Bobby Smith

No. 23, 43
- Position: Cornerback

Personal information
- Born: July 5, 1938 (age 88) Plain Dealing, Louisiana, U.S.
- Listed height: 5 ft 11 in (1.80 m)
- Listed weight: 197 lb (89 kg)

Career information
- High school: Compton (Compton, California)
- College: UCLA
- NFL draft: 1961 (7th round, 88th overall pick)
- AFL draft: 1961 (26th round, 205th overall pick)

Career history
- Los Angeles Rams (1962–1965); Detroit Lions (1965);

Awards and highlights
- First-team All-PCC (1961);

Career NFL statistics
- Interceptions: 5
- Fumble recoveries: 1
- Touchdowns: 2
- Stats at Pro Football Reference

= Bobby Smith (defensive back) =

American football player (born 1938)

Robert Lee Smith (born July 5, 1938) is an American former professional football player who was a cornerback and safety in the National Football League (NFL). After playing college football for the UCLA Bruins, he played in the NFL for the Los Angeles Rams (1962–1965) and the Detroit Lions (1965–1966). He was also a kick and punt returner.

== Early life ==
Smith was born on July 5, 1938, in Plain Dealing, Louisiana. He attended Compton High School, in Compton, California. Smith played on Compton's football and basketball teams, and was a broad jumper, high jumper, and hurdler on its track and field team. At the time, Smith was reported to be 6 ft ½ in (1.84 m) and 175 lb (79.4 kg) as a senior.

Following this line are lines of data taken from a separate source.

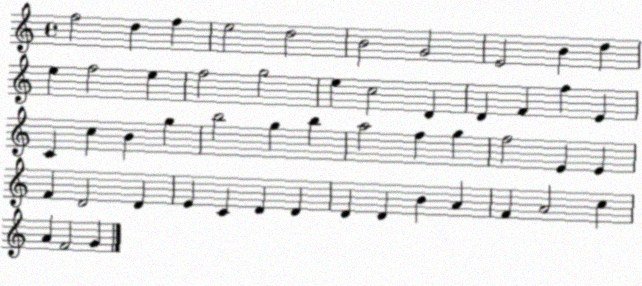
X:1
T:Untitled
M:4/4
L:1/4
K:C
f2 d f e2 d2 B2 G2 E2 B d e f2 e f2 g2 e c2 D D F f E C c B g b2 g b a2 f g f2 E E F D2 D E C D D D D B A F A2 c A F2 G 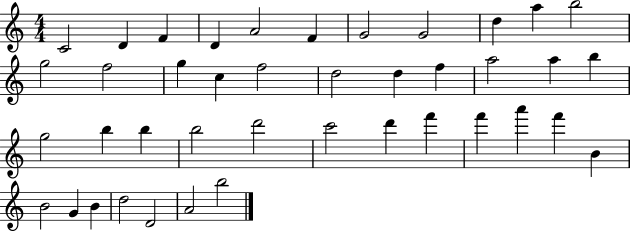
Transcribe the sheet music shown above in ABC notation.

X:1
T:Untitled
M:4/4
L:1/4
K:C
C2 D F D A2 F G2 G2 d a b2 g2 f2 g c f2 d2 d f a2 a b g2 b b b2 d'2 c'2 d' f' f' a' f' B B2 G B d2 D2 A2 b2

As a professional payer, he was reported to be 5 ft 11 in (1.80 m).

Smith played offense, defense, and was a kicker on the football team. As a sophomore in 1954, he led Compton to the Coast League football championship as its star running halfback. He was injured during his junior year in 1955, with a clot in his leg, and missed all but two football games. In the spring of 1956, he tied for the California Interscholastic Federation (CIF), southern section, title in the broad jump, and was CIF champion in 1957. He was also an All-League basketball player for Compton. Smith was twice All-Coast League in both football and track.

In 2018, he was inducted into Compton High School’s Hall of Fame.

== College career ==
Smith attended Compton Junior College in 1957. He played on its football team in the Western State Conference (WSC), and was first-team All-WSC at running back in 1957. He was voted the team's outstanding back that season.

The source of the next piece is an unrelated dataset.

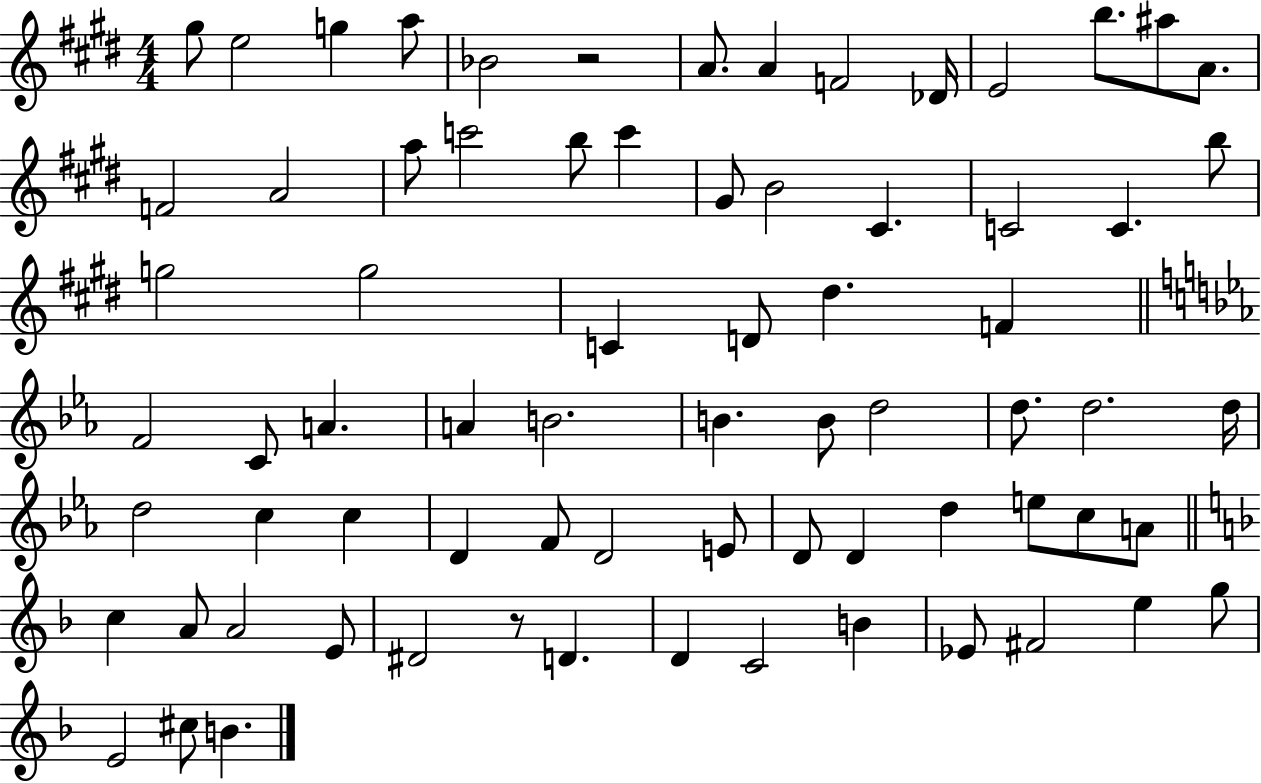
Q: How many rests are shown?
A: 2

Smith transferred to the University of California, Los Angeles (UCLA) in 1959. He played the second most minutes of any sophomore on the Bruins football team that season. As a sophomore he was a backup to Billy Kilmer at quarterback. He had 289 rushing yards (second to Kilmer) in 93 carries with one rushing touchdown; and completed seven of 15 passes for 90 yards.

As a junior running back in 1960, Smith had 281 yards on 54 carries for the Bruins. As a senior in 1961, playing quarterback and tailback, Smith had 631 yards on 166 carries and nine rushing touchdowns. He passed for 305 yards and had one passing touchdown, on 16 completions in 33 pass attempts. He led the AAWU conference (Athletic Association of Western Universities, now the PAC-12) in points scored, rushing attempts and touchdowns; and was second in rushing yards behind teammate Mike Haffner. He was unanimously selected first-team All-AAWU at tailback in 1961. The Bruins lost to the University of Minnesota, 21–3, in the January 1, 1962 Rose Bowl game. Smith scored UCLA's only points in that game by kicking a field goal. Smith had 22 yards passing and eight yards rushing in the Rose Bowl.

He was also a broad jumper on UCLA's track team. He was reported to have run the 100-yard dash in 9.9 seconds.

== Professional career ==
The Los Angeles Rams selected Smith in the seventh round of the 1961 NFL draft, 88th overall. That draft took place at the end of December 1960. The New York Titans selected him in the 26th round of the 1961 AFL draft, 205th overall. The AFL draft occurred in early December 1960. Smith played another year at UCLA (1961), rather than entering professional football, choosing to play for the Rams in 1962.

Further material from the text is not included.